What is Provident Fund (PF)?
The Employees’ Provident Fund Organization introduced PF, a retirement savings scheme, in 1952. All organizations having more than 20 employees are eligible under this scheme. Both the employees and employers have to contribute 12% of their basic pay.
When it can be withdrawn
1. An employee can opt to withdraw either fully or partially.
An employee can withdraw fully when,
- He/She gets retired
- And, when he/she is unemployed for more than 2 months
2. Under specific emergencies, an employee can partially withdraw the PF amount.
Reason for withdrawal
Years of service required
Limit of withdrawal
|1||Education||7 years||50% of his contributions|
|2||For house construction/purchasing plot||5 years||a. For purchasing land/plot – 24 months of the basic salary including dearness allowance
b. For constructing a house – 36 months of the basic salary including dearness allowance
|3||House renovation||5 years||a. For purchasing land/plot – 24 months of the basic salary including dearness allowance
b. For constructing a house – 36 months of the basic salary including dearness allowance 12 times of monthly salary
|4||Medical||No lock-in period||An employee can withdraw up to 6 times the monthly (basic)salary.|
|5||Marriage||7 years||An employee can withdraw up to 50% of his contributions|
|6||Years before retirement||Once an individual reaches 54 years||90% of his balance|
Steps to withdraw provident fund balance online
- Visit the EPFO portal – epfindia.gov.in
- Select the “For Employees” alternative under the “Our Services” tab.

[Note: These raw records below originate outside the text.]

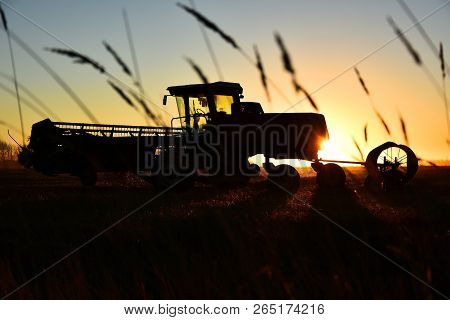 A Silhouette Image Of Old Agricultural Equipment In A Filed At Sunset.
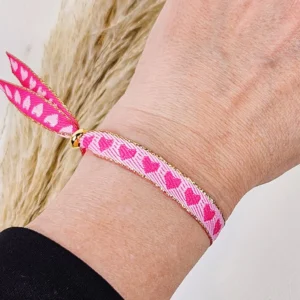 Lint armbandje hartjes roze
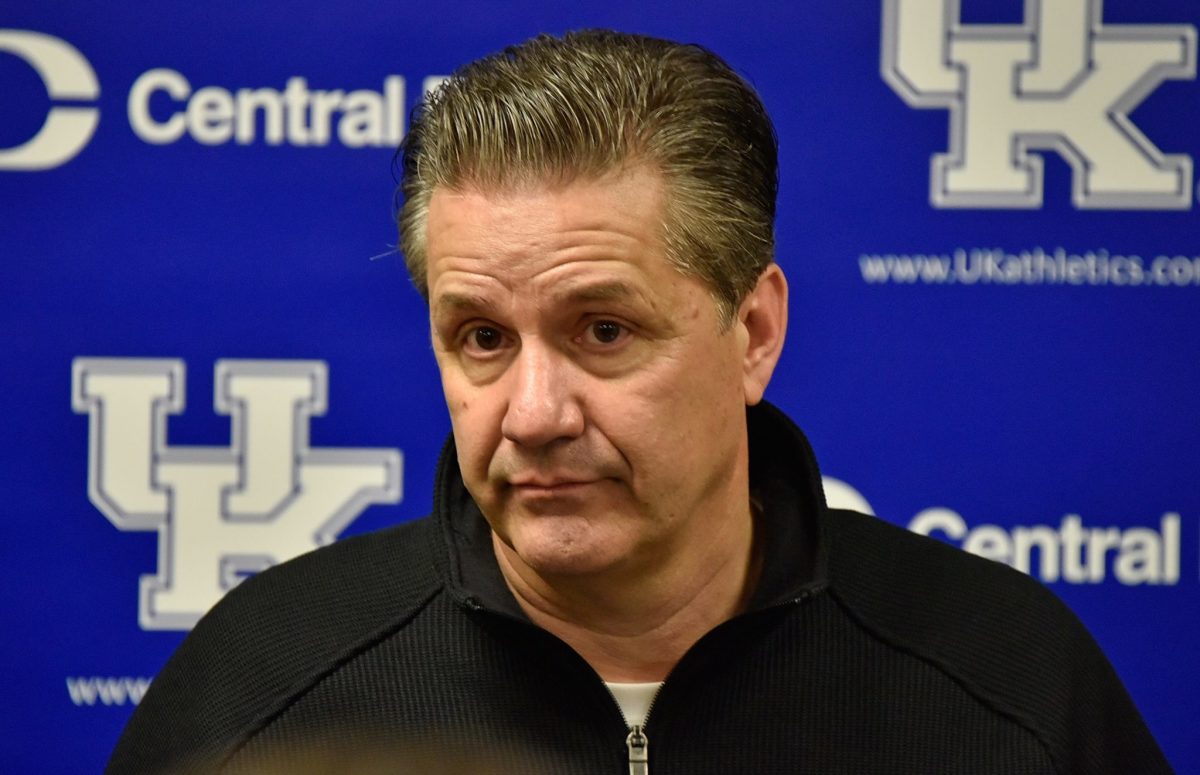 A closeup of Coach John Calipari in front of a blue Kentucky background.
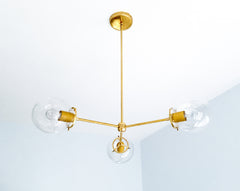Matte Mustard and brass give the Cadiz 3-light chandelier a warm, earthy color palette with a subtle retro influence. This customizable ceiling light by Sazerac Stitches pairs three clear glass globes with a slender branching brass frame and muted golden-yellow powder-coated accents. Its sculptural silhouette offers statement-lighting inspiration for ochre dining rooms, warm modern kitchens, eclectic entryways, and interiors combining mustard, olive green, rust, brown, or natural wood tones. Discover colorf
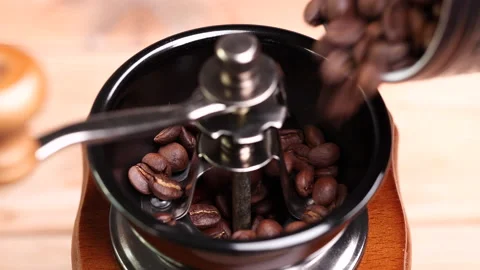 Roasted coffee beans falling into vintage manual coffee grinder. Video stock 153052941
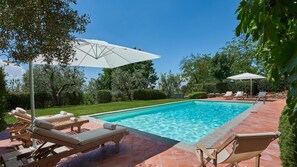 A rectangular swimming pool with clear blue water, surrounded by a tiled patio. There are wooden lounge chairs and white umbrellas providing shade.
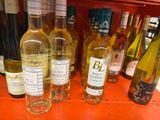 several bottles of wine are lined up on a shelf in a store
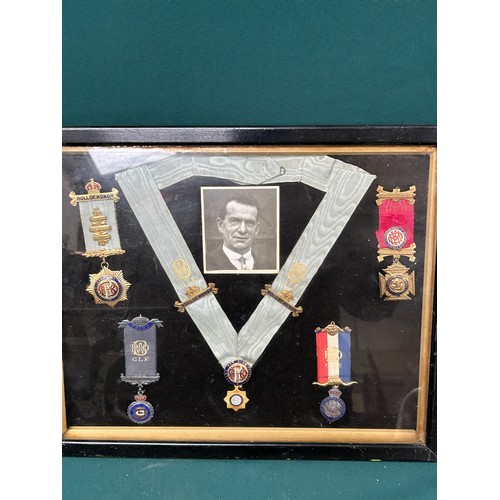 99A - A framed collection of 1930's & 40's  Royal Antediluvian Order of Buffaloes medals and jewels, with ... 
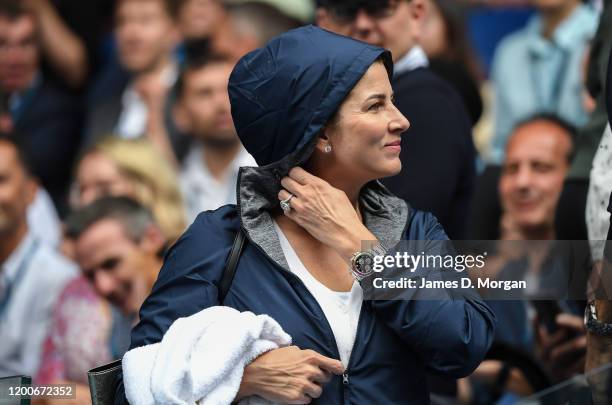 Mirka Federer, wife of Roger Federer puts on her rain jacket on Rod Laver Arena during a rain delay on day one of the 2020 Australian Open at...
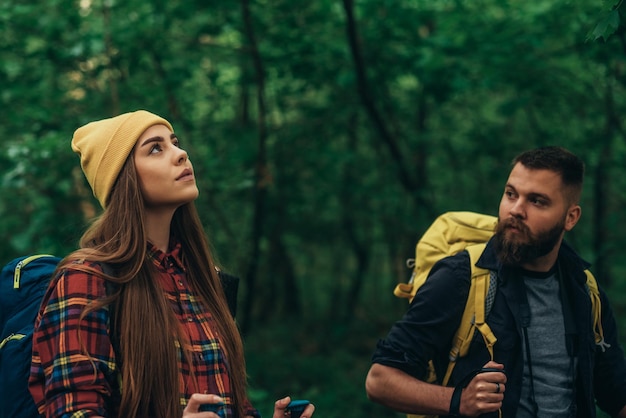 Una joven pareja de excursionistas usando bastones de trekking y usando mochilas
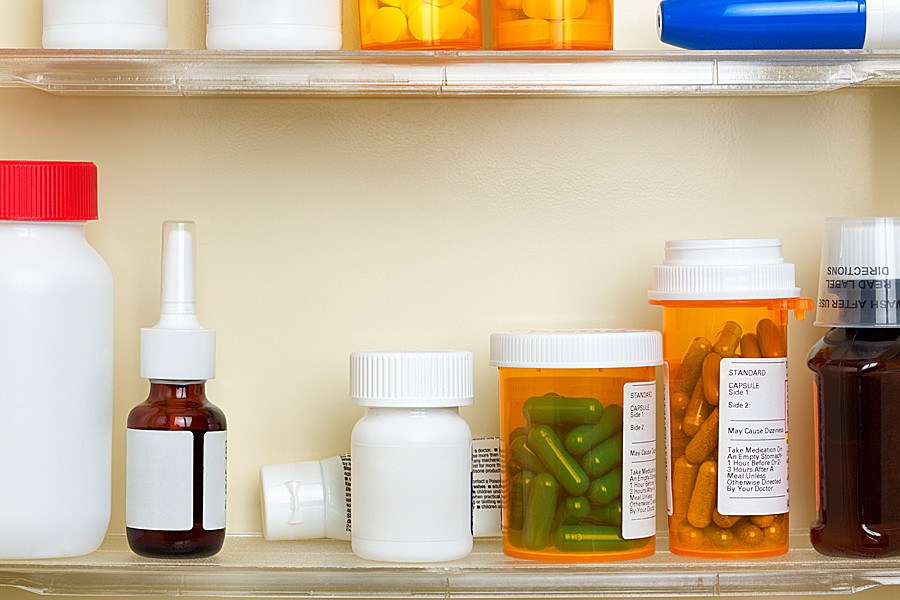 Bottles of prescription drugs on a medicine cabinet shelf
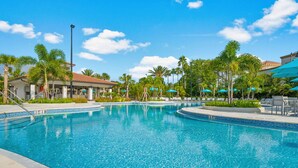 A swimming pool with clear blue water, surrounded by palm trees and lounge chairs. - Vcr4-410- 3BR Condo With Resort Access Near Disney (Orlando)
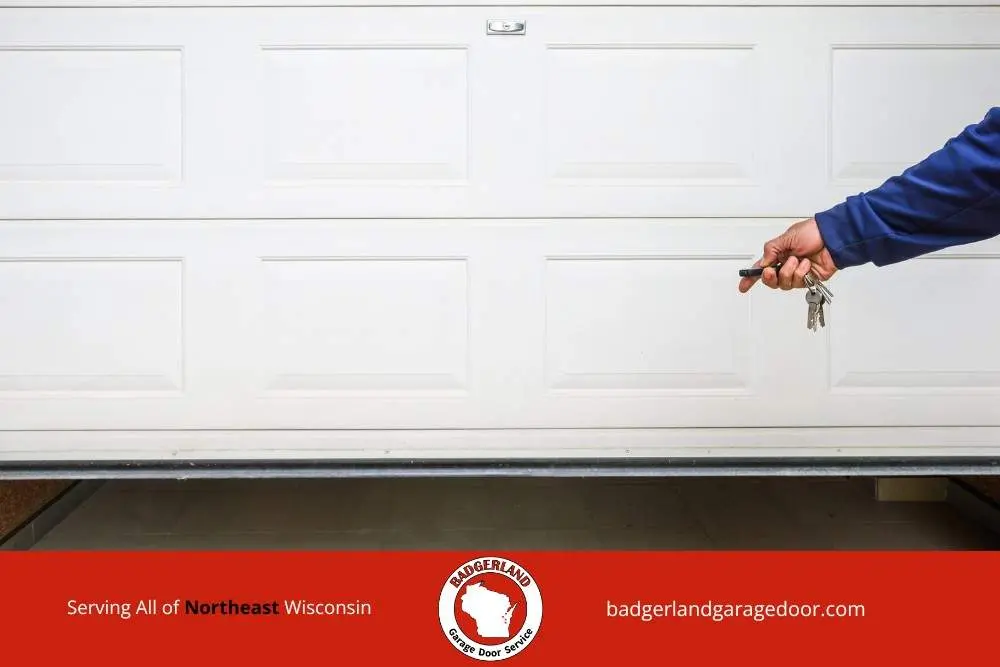 Hand holding remote near a garage door as Bestland Garage Door provides weatherproofing service for Wisconsin homes in cold weather.
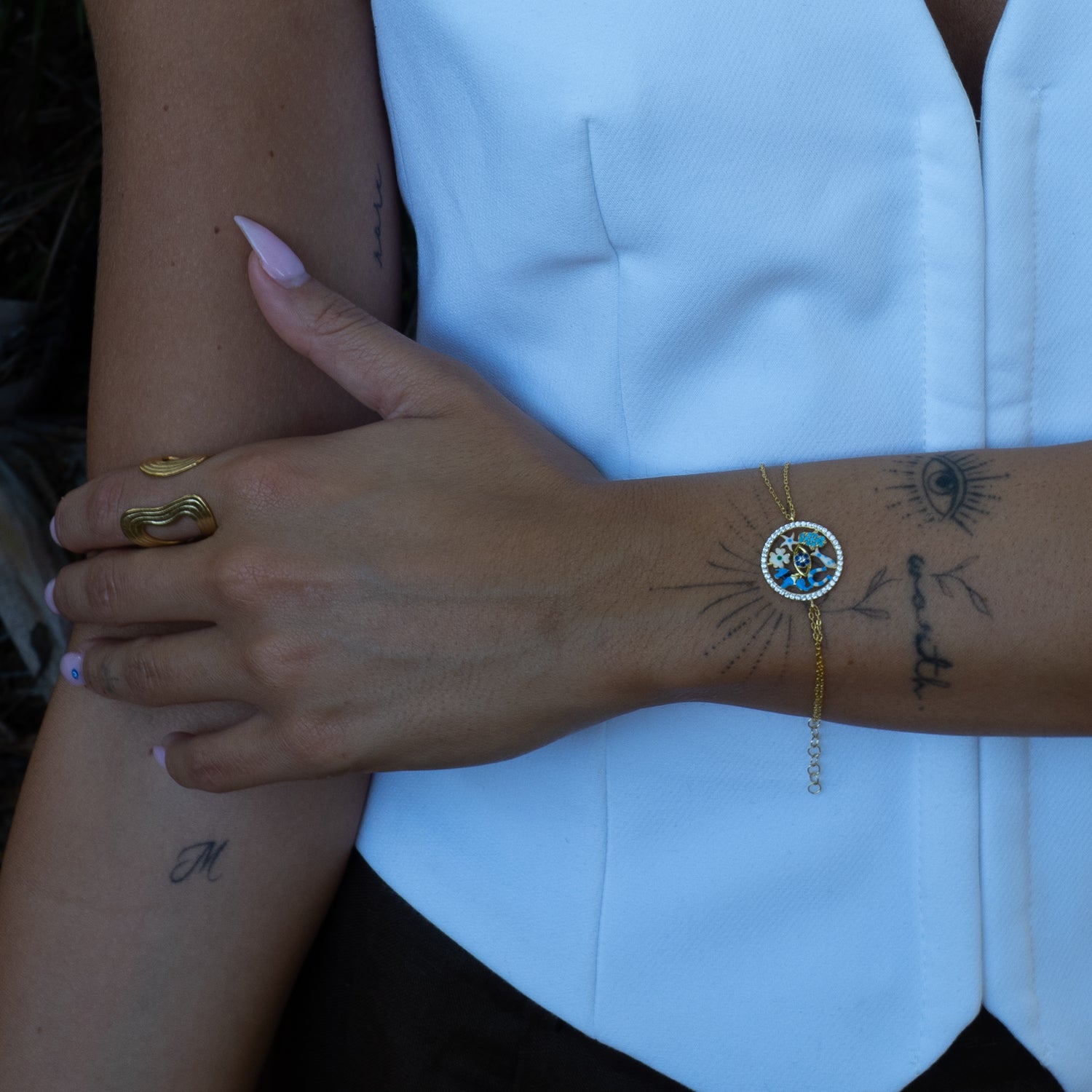 Model wearing Lucky Charms talisman bracelet with good luck medallion by Ebru Jewelry
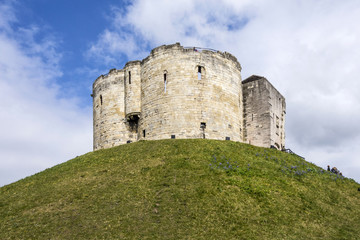 Fototapeta na wymiar wide angle shot of the York Castle - Cliffords Tower - against a deep blue sky and volumetric clouds, Yorkshire, England, UK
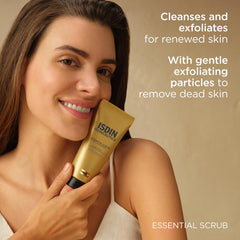 Woman holding a tube of ISDIN scrub with text about its benefits on a beige background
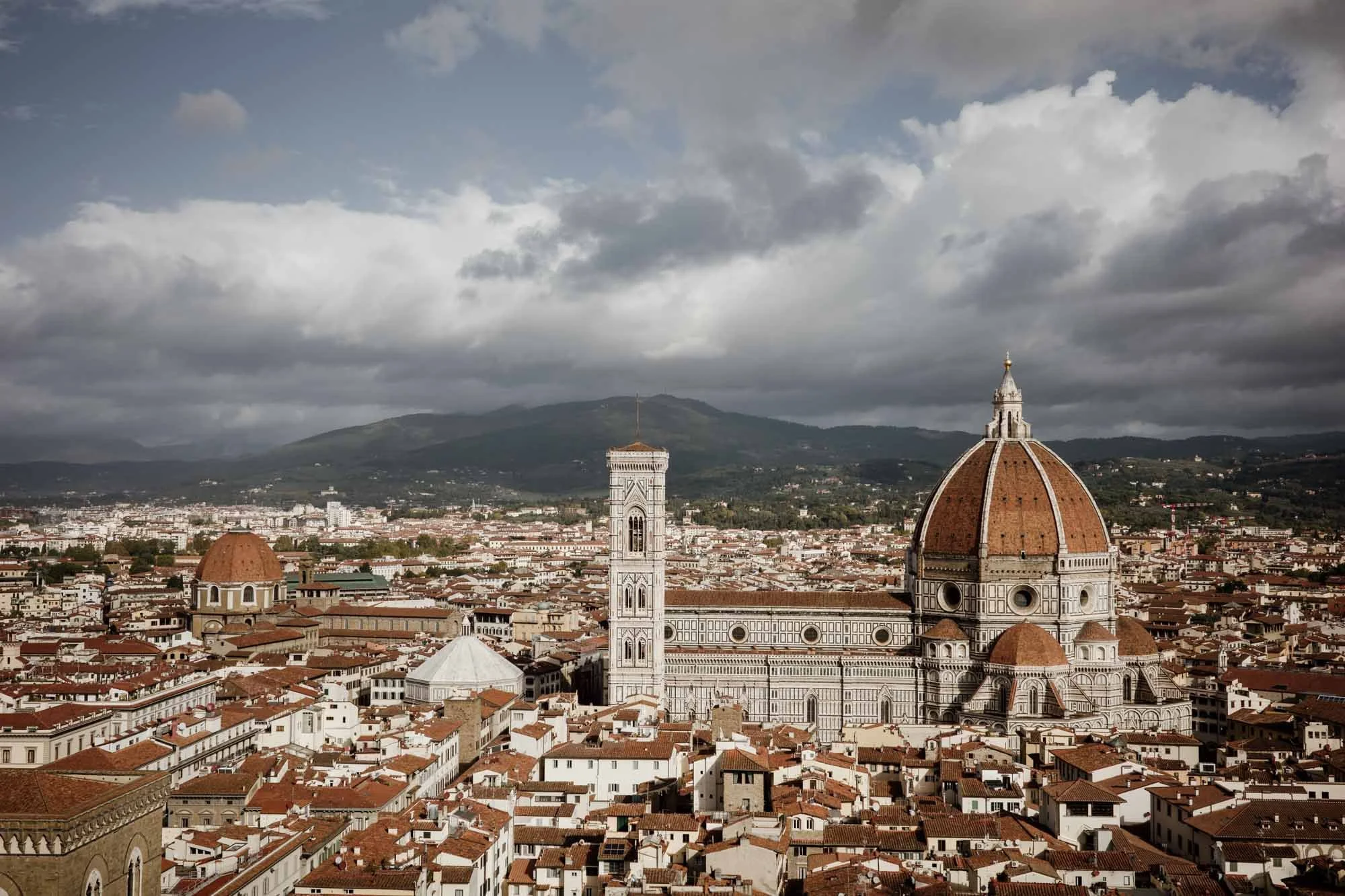View of the Duomo with the hills of Tuscany behind in Florence, Italy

- On the new page click on the “Part UAN/Online Service (OCS/OTCP)” choice under the “Services” tab of the “For Employees” page.
- This will redirect you to another website page. Sign in to the entrance utilizing your UAN, password, and Captcha code.
- Click on the “KYC” alternative under the “Manage” tab.
- You will be diverted to another website page. Look down to the base of the page to discover the “Digitally Approved KYC” area and check your KYC details. Guarantee the details are right.
- Click on the “Online Service” tab from the top menu to continue with the withdrawal if all the KYC details are right.
- Next, click on the “CLAIM (FORM-31, 19, and 10C)” option from the drop-down menu.
- Later, click on the Claim Form.
- The system will redirect you to another site page with an automatically generated “ONLINE CLAIM (FORM 31, 19, and 10C)” form. Correspondingly, you must enter the Last 4 digits of your bank account number and verify the details. Once the system confirms the account, it will generate an “Authentication of Undertaking.” Click “Yes” on the pop-up to proceed.
- Click on the “Continue for Online Claim” alternative.
- For online withdrawal, select the “PF ADVANCE (FORM – 31)” choice starting from the drop menu given by the “I want to apply for” option.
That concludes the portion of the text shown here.